ベトナムは外国投資をテコとし、先進国への輸出主導というモデルで成功している。ASEANでもタイにおいては日本企業、なかでも自動車、電機といった製造業の進出が大きなインパクトを与え、タイにおける裾野産業を含めた日本のプレゼンスは非常に高い。しかし、ベトナムはタイとは異なり韓国、中国からの投資が際立っている。その中でもエレクトロニクスの分野で、韓国サムスン電子によるスマートフォンの生産、輸出が突出して多くなっている。ベトナムからのスマートフォン(HS8517)輸出は2016年で343億ドルにのぼり、ベトナムの全輸出額の約19%を占めており、その大半がサムスン電子によるものである。エレクロニクス製品は一般にそのライフサイクルが短く、製品のモデルチェンジやメーカーのシェアの変遷も非常に速い。しかしながら、こうしたコンシューマー向け製品1品目で日本円換算で4兆円近い出荷を、開発した本国ではなく東南アジアの工場からおこなわれているのは、かつてなく驚くべきことである。

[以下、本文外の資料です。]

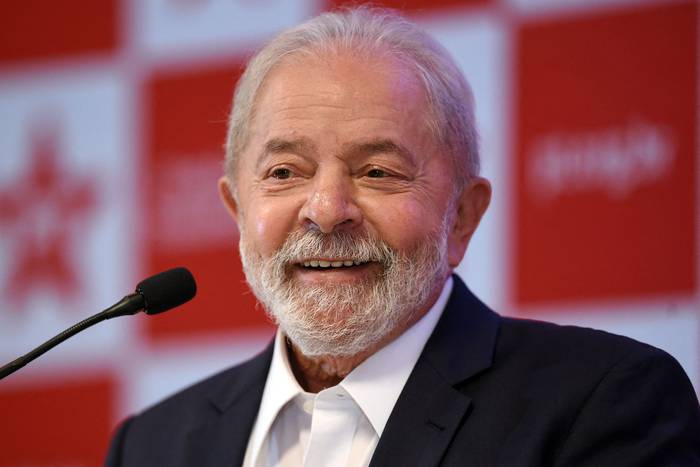 Luiz Inácio Lula da Silva durante una conferencia de prensa en Brasilia, el 8 de octubre de 2021. · Foto: Evaristo Sa, AFP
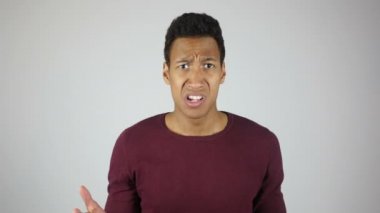 Kızgın genç adam jest, şikayet, başarısızlık veri kaybına ve tepki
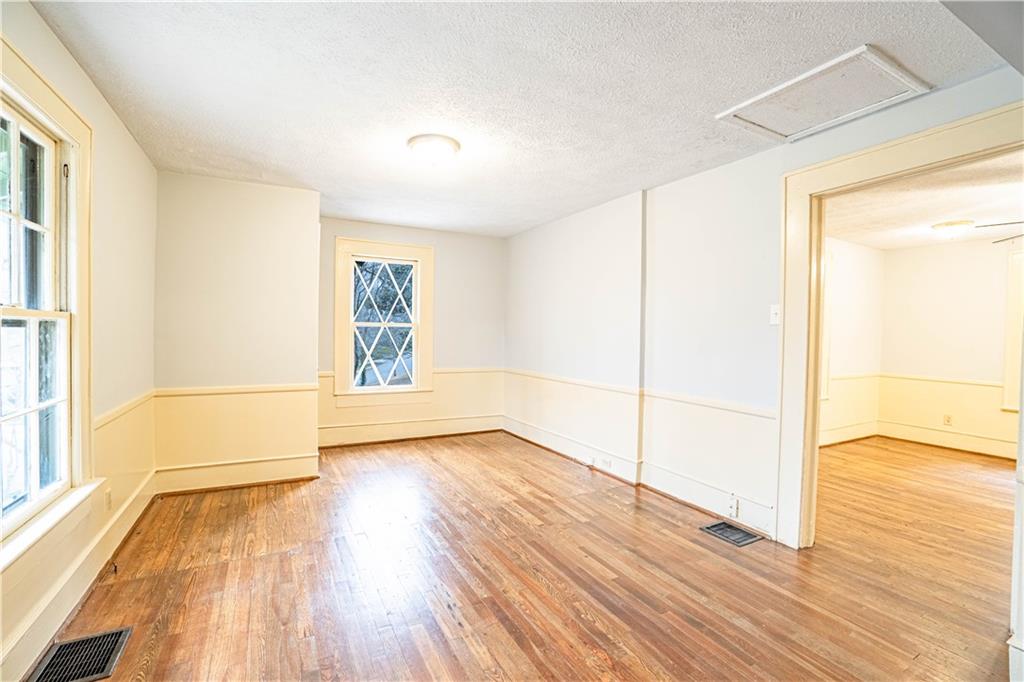 1865 Oak Grove Road NE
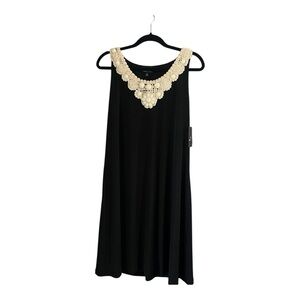 RONNI NICOLE Elegant Black Dress with Cream Embellishments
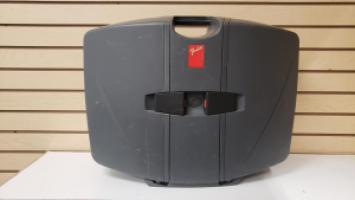 FENDER PASSPORT P-150 PA SYSTEM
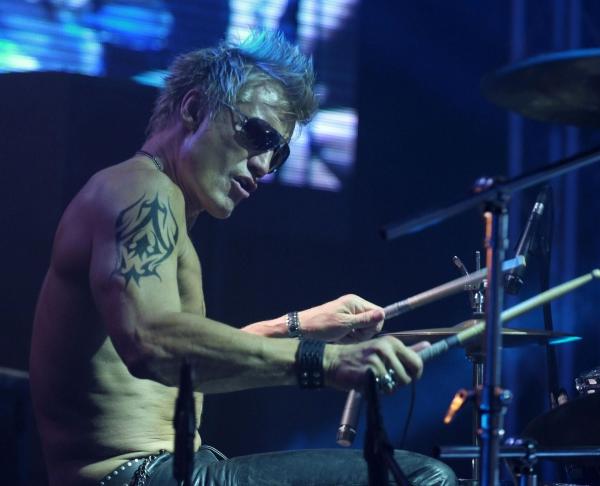 Bild 1 von 15: Drummer Joe (Dolph Lundgren) spielt mit seiner Rockband bei einem Benefizkonzert in Moskau im Vorprogramm der berühmten US-Sängerin Venus. Da passiert etwas Schreckliches ...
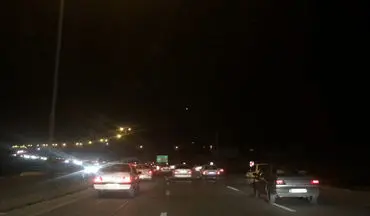 تصادف در جاده تهران-قم ترافیک سنگین ایجاد کرد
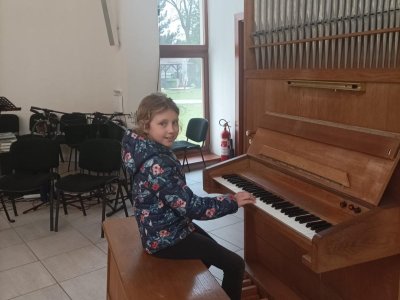 Třídy 2. ročníku navštívily kbelský kostel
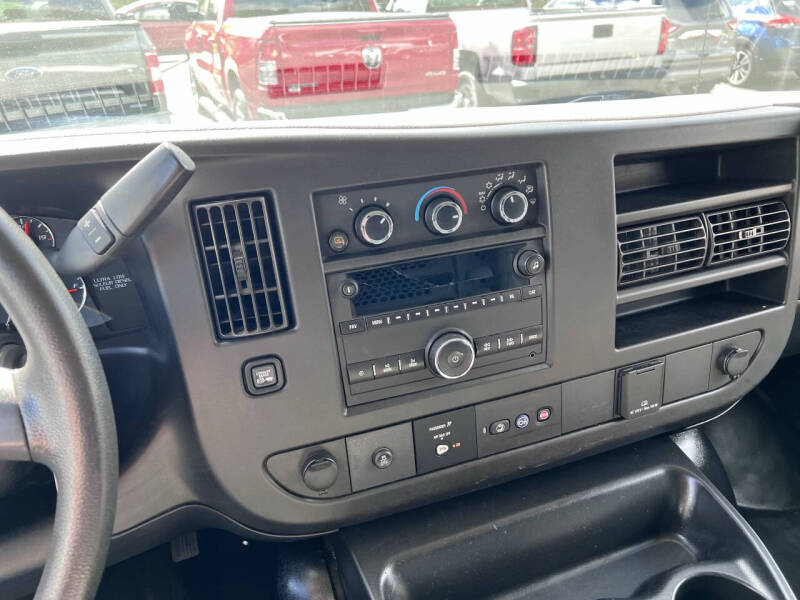 2018 GMC Savana 2500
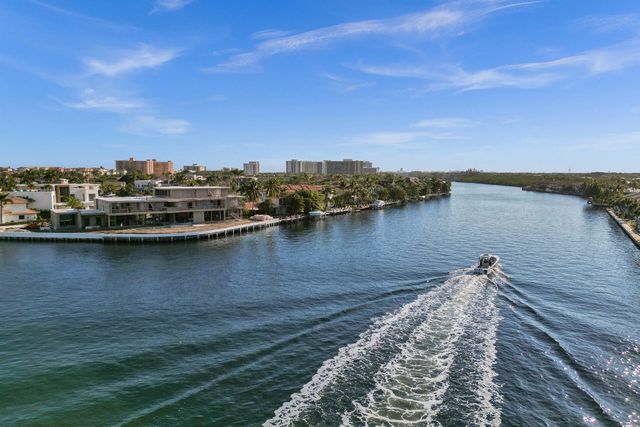 876 Jeffery Street, Boca Raton, FL 33487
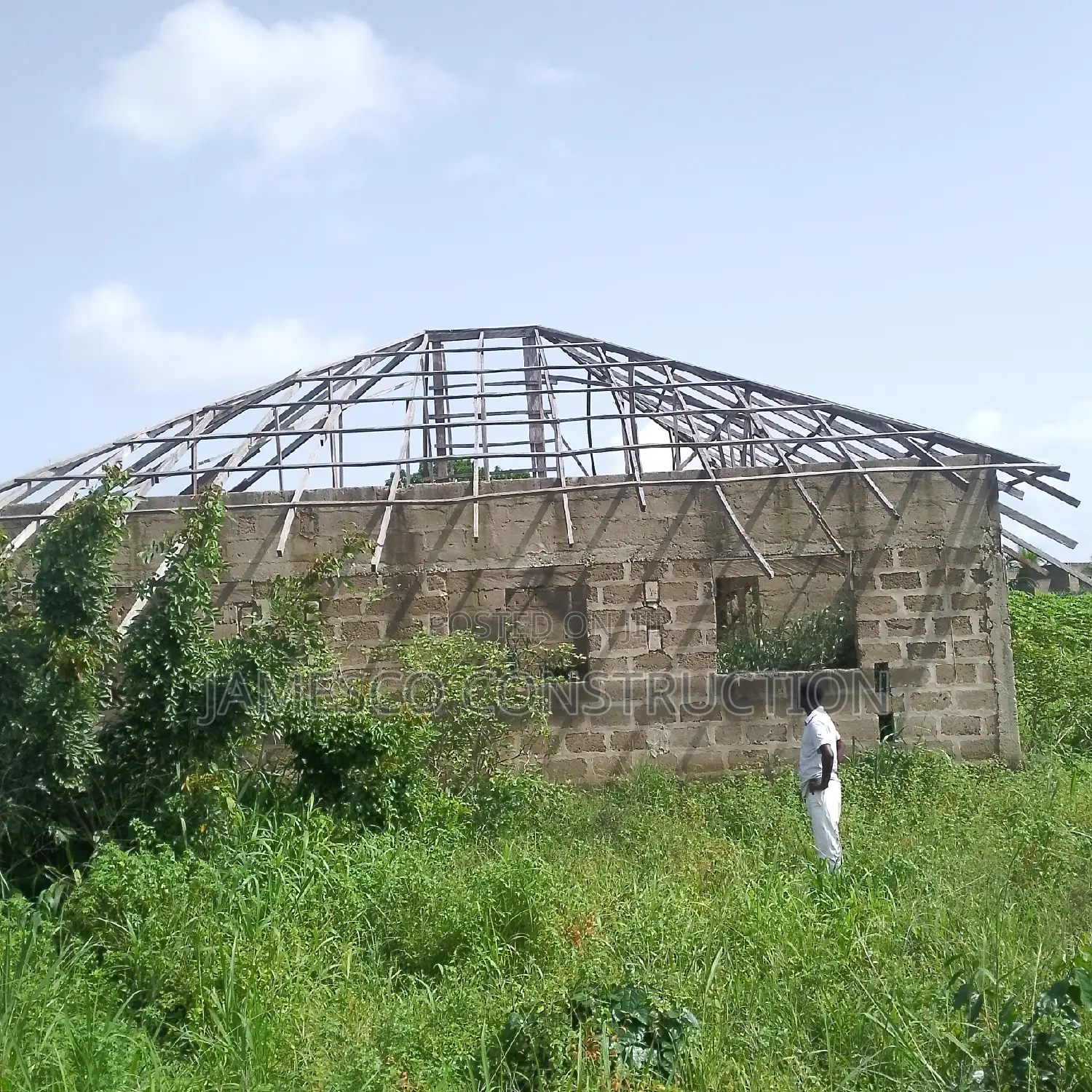 One Plot of Land for Sale With 4 Bedrooms Uncompleted in Ayensuano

製造業特にエレクトロニクスにおいて、日本以外のアジア新興国の躍進という背景があることは間違いなく、さらに中国という大市場における生産・販売からASEANにシフトをおこなった際、韓国などのメーカーがベトナムに集中立地したことは地政学的にも説明が付くことであろう。しかしながら、ベトナムにとってこうした投資ラッシュが長期的な産業の育成に繋がるかは疑問もある。昨今は貿易に関しては付加価値の統計も重視され始めており、輸出におけるその国で付与されたGDP比でみた付加価値率によれば、ASEAN10カ国の平均が35%、ベトナムはミャンマーと並び最低レベルの10%となっている。すなわち材料、部品の大半を輸入し、国内では労働集約的である組立工程をおこない輸出するという下請け的な構造であることを示唆している。
ベトナムについては、かつて輸出トップ品目が繊維・縫製品であった頃から、「中所得国の罠」という表現で裾野産業の充実が必要であるという産業構造の脆弱性が指摘されてきたが、それは現在でも大きく変わっていない。しかしながら外国投資の流入に加えて、ICT、観光業を始めとするサービス産業の育成も順次進んでいるのも確かである。現在のバブルとも言えるベトナム経済の好調が続く間に強固な産業基盤を整備することで、低位中進国から高位中進国へのステップアップを、マレーシア、タイとは少々異なる道筋で実現することは十分可能であるかも知れない。